By Dave Yonkman
Clients’ desires can run a little high. PR pros have to temper them with reality.
A client once approached Camille Jamerson with grandiose expectations of securing high-level placements, sitting down for interviews with the networks and tripling their media reach within 90 days.
Then, Jamerson watched as the principal delivered a short speech in which he did not articulate his vision, nor read the audience, nor relate the main points of his message.
“We slammed the brakes on everything,” Jamerson recalls. “Putting him in front of a seasoned interviewer would have been disastrous for his brand.”
It happens all too often. Businesses approach PR firms anticipating a glamorous reception and immediate return on investment. In reality the best exposure demands planning and patience due to the intense competition for the most coveted, highest-profile TV, radio and magazine placements.
So, how can organizations harvest the most fruit from the PR firms that they hire?
They can start by understanding that the media landscape and where a customer will fit requires intensive discovery in which PR pros probe for motivations, objectives and true metrics for success.
Tara Erwin with Fifteen agency in Buffalo, N.Y., approaches every new relationship with two time-honored credos: the Golden Rule and that honesty is the best policy.
She shuns “glittering generalities” and unrealistic notions: “If their goal is to get on ‘Today,’ I tell them that, like an actor in a community theater production likely won’t fly off to make a big-budget Hollywood film as their next project, our first pitching opportunity probably won’t result in national exposure.”
PR is usually a gradual progression in which companies build momentum from, say, an earned article in their local daily paper and then working up the ladder.
Symbiotic communication and responsiveness remain paramount to contractual relationships.
Jennifer Thomas with Beauty Results PR in Fort Myers, Florida, swears that open dialogue best determines the outlets she targets and the messages that will resonate with them.
“I find that the big outlets in any industry are still the benchmark of success, like O, The Oprah Magazine, Forbes and Fast Company,” Thomas says. “Clients do need help in understanding how important bloggers, online publications and influencers are in PR outreach now as well.”
She works with customers at the beginning of each month to identify pitch content for use in the short-term and for long-lead media opportunities. “I realize they are busy with their other responsibilities, but when Fast Company has a deadline of tomorrow at 5 p.m., you have to meet it,” she adds. “Responsiveness is critical in delivering results.”

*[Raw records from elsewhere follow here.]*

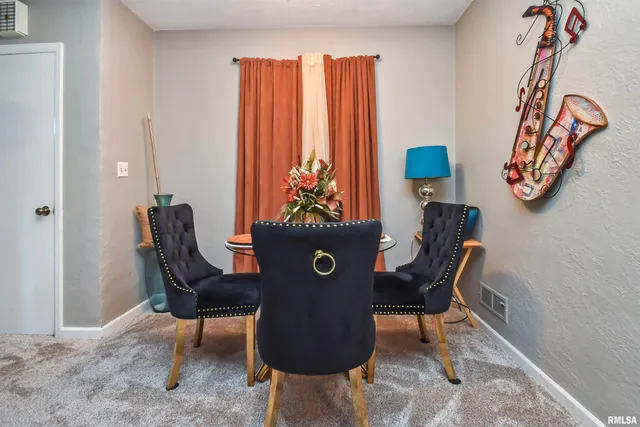 $130,000 | 2626 West Heading Avenue, West Peoria, IL 61604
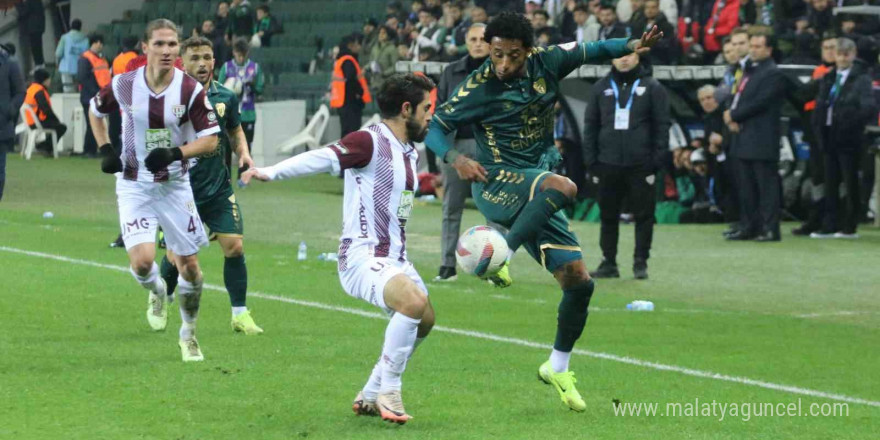 Trendyol 1. Lig: Kocaelispor: 2 - Bandırmaspor: 2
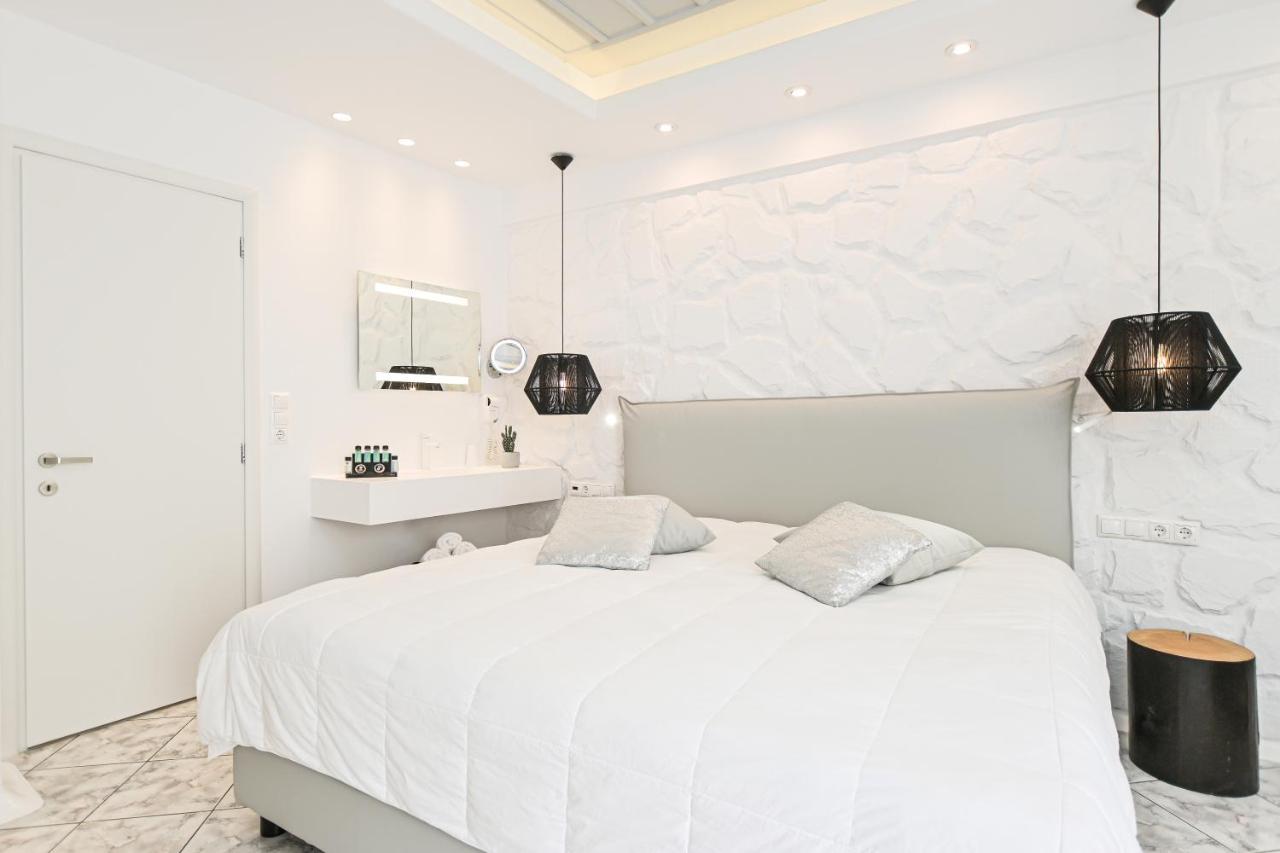 Naxos Evilion Luxury Apartments & Suites Naxos City Экстерьер фото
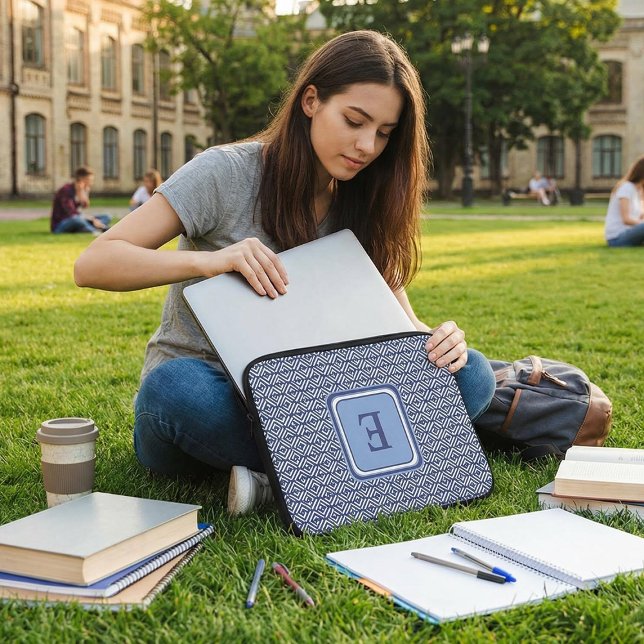 Navy Geometric Chevron Monogram Design Laptopschutzhülle (Von Creator hochgeladen)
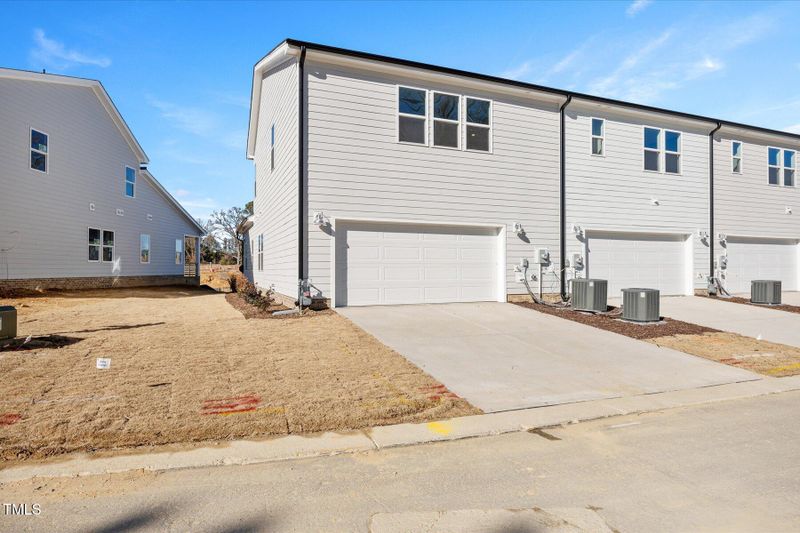 3911 Willow Gate Way, Raleigh, NC 27604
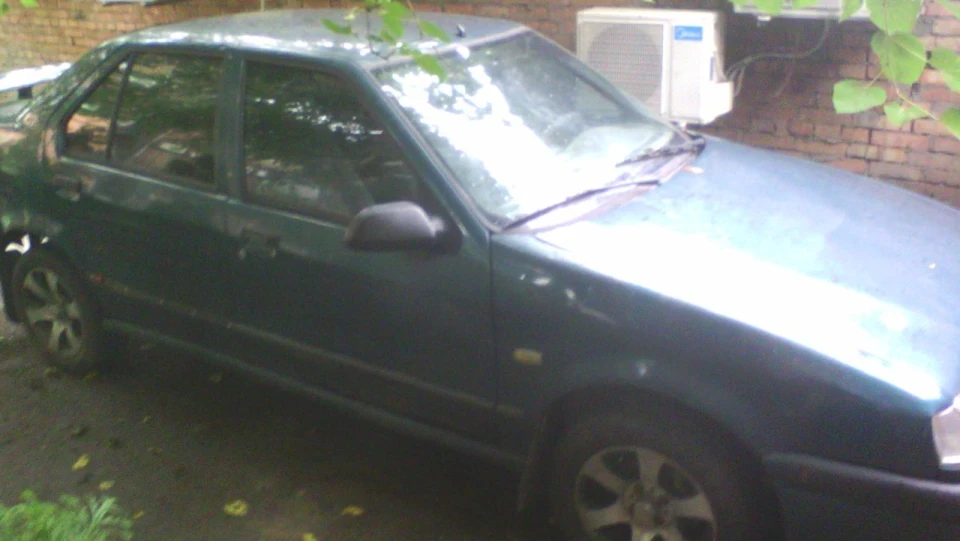 Renault 19 Поджопне зубило 4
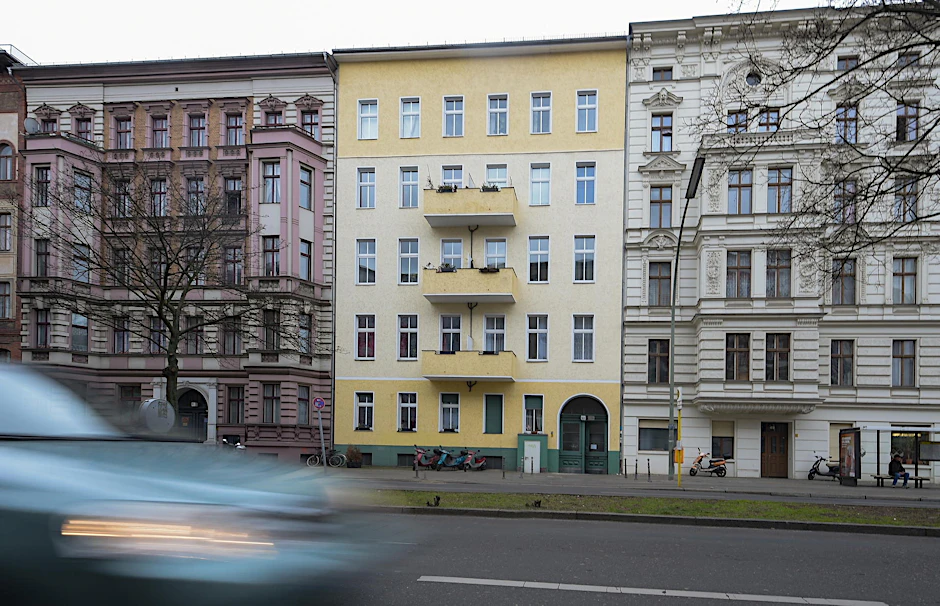 Bezirk Mitte kauft das Haus in der Rathenower Straße 50 in Moabit. 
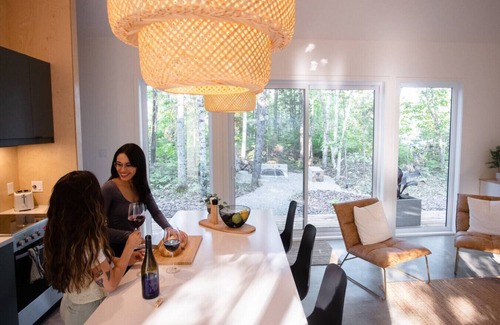 La Conception Cabin | Woodland Cocoon | Fireplace 15min Tremblant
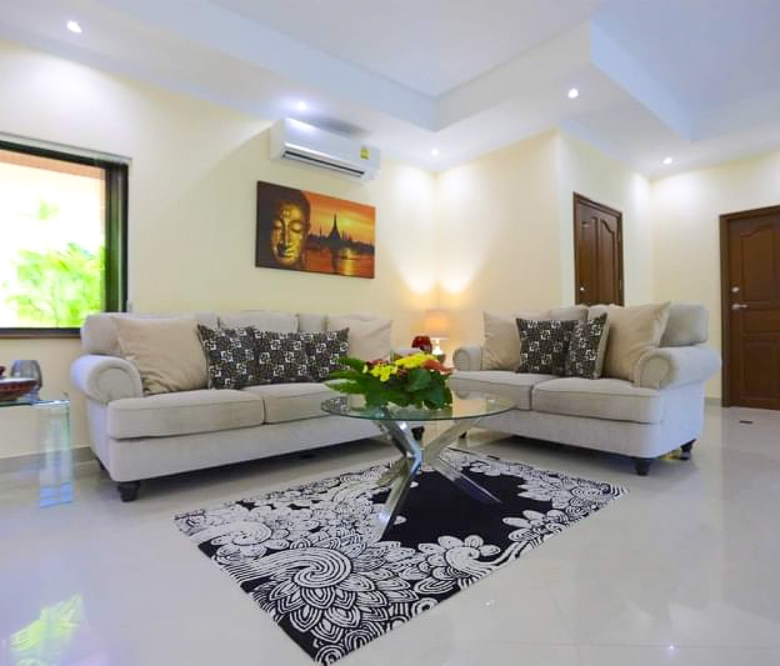EP0046 | Luxury 3-BR Private Pool Villa for Sale in Jomtien, Pattaya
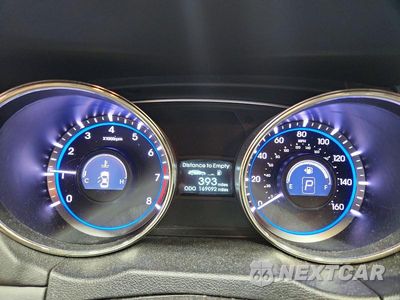 Zdjęcie 9 z 12 samochodu: 2012 HYUNDAI SONATA LIMITED 2.0T VIN:5NPEC4AB0CH481931 - miniatura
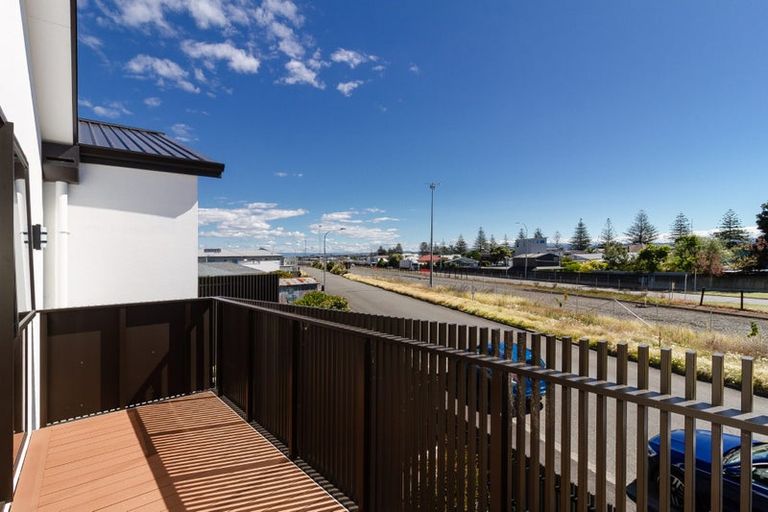 Photo of property in 2 Kenny Avenue, Ahuriri, Napier, 4110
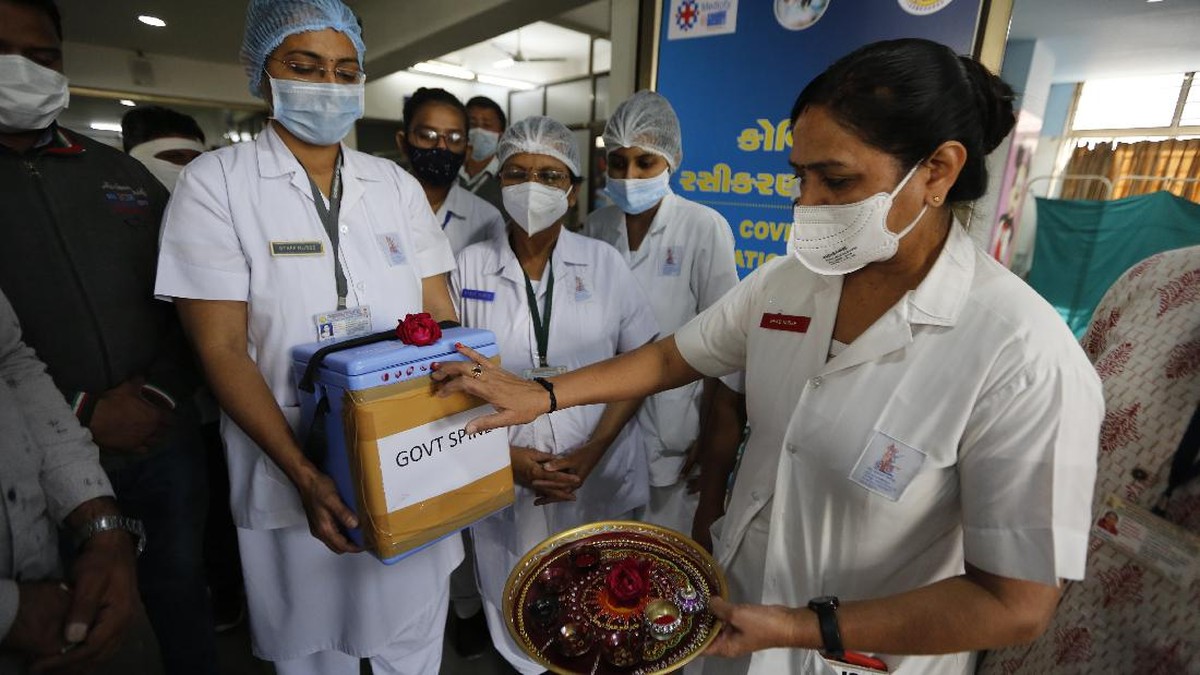 FOTO: Program Vaksinasi Corona India yang Terbesar di Dunia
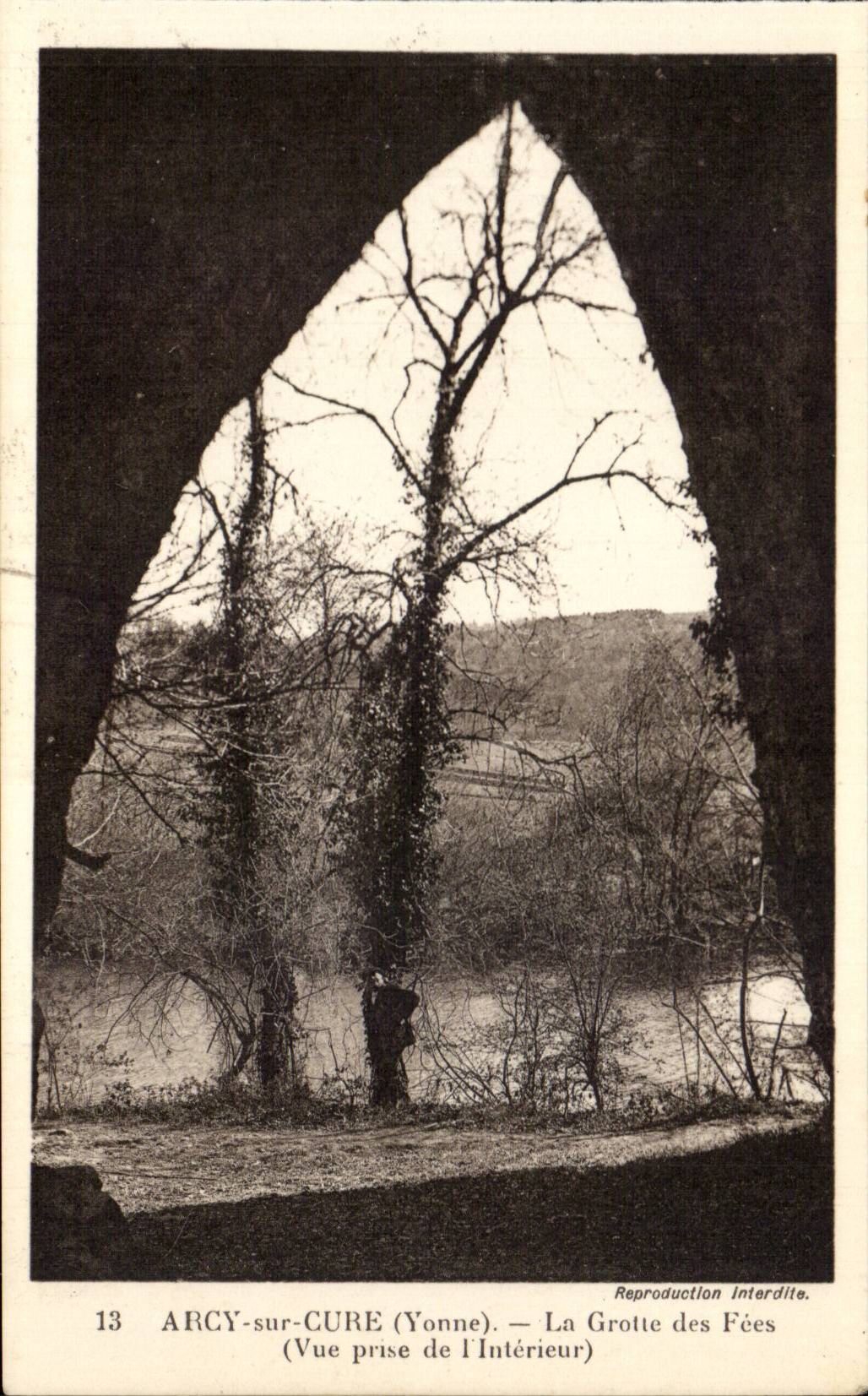 CPA Caves of Arcy on Cure the cave of the fairies (seen from of the interior)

She instructs them to internalize the deadline process so that if a holiday gift guide will circulate in November, they start working on cultivating relationships in June as opposed to September.
The client perspective
Bart Zoni, chief marketing officer with a skin care company in New Jersey, conveys his frustration in not knowing what he wanted from a PR agency.
“As a client, nothing is worse to hear than, ‘If you don’t know what you want, we can’t help you,’” Zoni says. “We want a partner who can ask the right questions, probe effectively and help us think very clearly about a strategy.”
He appreciates the instinct of PR firms to make their clientele happy, but he wants his agency to tell him “no” from time to time.
“By saying ‘no’ the right way, you will make us happier in the long run,” he says. “By the ‘right way,’ I mean clearly explaining why my expectations might not be reasonable and offering clear and concrete alternatives.”
Zoni advises agencies to skip the fluff and, instead, to honestly communicate triumphs and failures. He knows when monthly reports inflate small wins and downplay big losses. He understands that some months will yield extraordinary returns and others will crawl by.
Jamerson never dropped her new client after his aspirations did not quite work in the real world. Instead, she trained him and created a new strategy that included more controlled options such as op-eds, blog posts, social media, emails, press releases and videos.
“He wasn't thrilled,” she says, “but he knew from that moment that we had his best interest at heart and that he was gaining the training that he desperately needed.”
Dave Yonkman is the former Washington correspondent for Newsmax Media, Capitol Hill communications director and the founding principal of DYS Media.